**WORK TO COMPLETE**
Reproduce the data below word for word, setting aside any picture it holds.

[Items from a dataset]
BEGIN
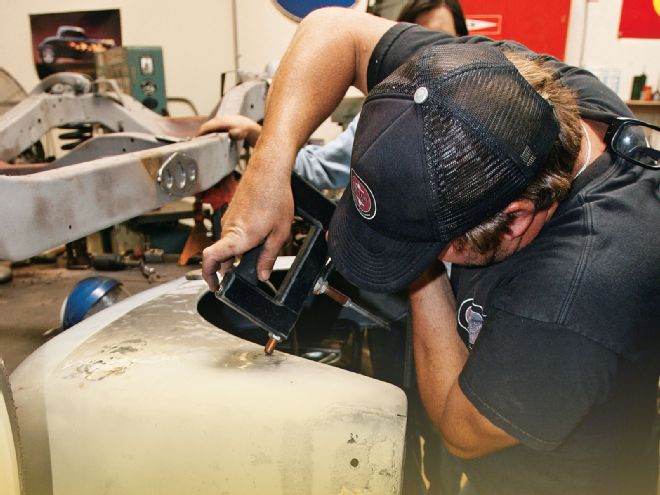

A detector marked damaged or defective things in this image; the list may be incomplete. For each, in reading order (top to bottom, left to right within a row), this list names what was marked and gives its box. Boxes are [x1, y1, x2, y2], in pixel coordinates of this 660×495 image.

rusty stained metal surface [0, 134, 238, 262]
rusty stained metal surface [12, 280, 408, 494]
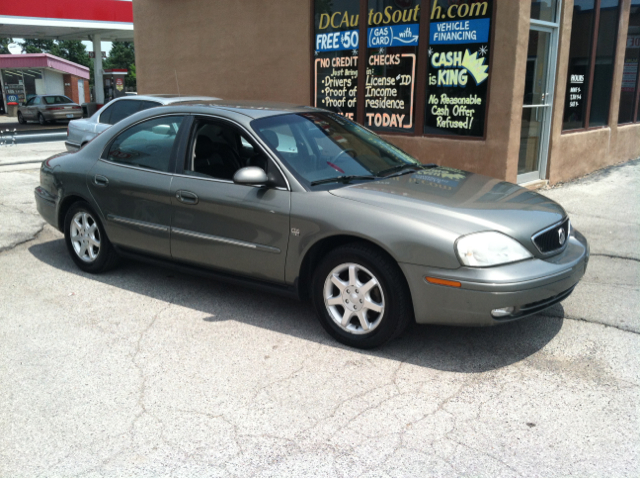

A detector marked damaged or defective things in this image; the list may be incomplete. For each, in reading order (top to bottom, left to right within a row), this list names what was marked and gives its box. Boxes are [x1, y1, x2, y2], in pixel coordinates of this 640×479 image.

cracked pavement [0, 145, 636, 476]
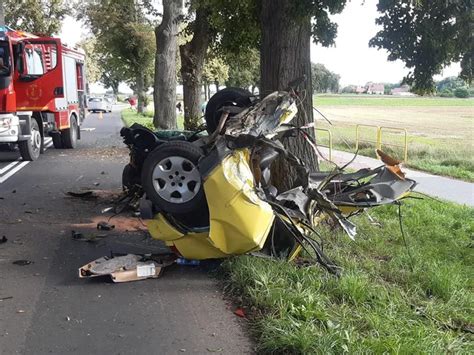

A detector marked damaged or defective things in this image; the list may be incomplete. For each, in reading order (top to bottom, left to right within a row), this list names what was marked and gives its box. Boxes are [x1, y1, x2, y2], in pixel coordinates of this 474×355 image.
END
**TASK RESULT**
A detector marked damaged or defective things in this image; the list may be incomplete. For each, in reading order (top to bottom, left to right within a row), this list names what was marked and gives its box. Boxes are [x1, y1, x2, y2], in pixel coordinates of this 660×495 image.

rusty stained metal surface [0, 134, 238, 262]
rusty stained metal surface [12, 280, 408, 494]

A detector marked damaged or defective things in this image; the list may be incomplete. For each, in reading order (top to bottom, left to right within a row), this list names what was marked and gives its box. Boxes are [x1, y1, x2, y2], in pixel coordinates of this 640×479 image.

cracked pavement [0, 145, 636, 476]

A detector marked damaged or defective things in this image; the list may be incomplete. For each, in reading order (top to bottom, left to right within a row), this list names what was marked and gives its box. Boxes are [x1, y1, x2, y2], in pixel coordinates of this 474×355 image.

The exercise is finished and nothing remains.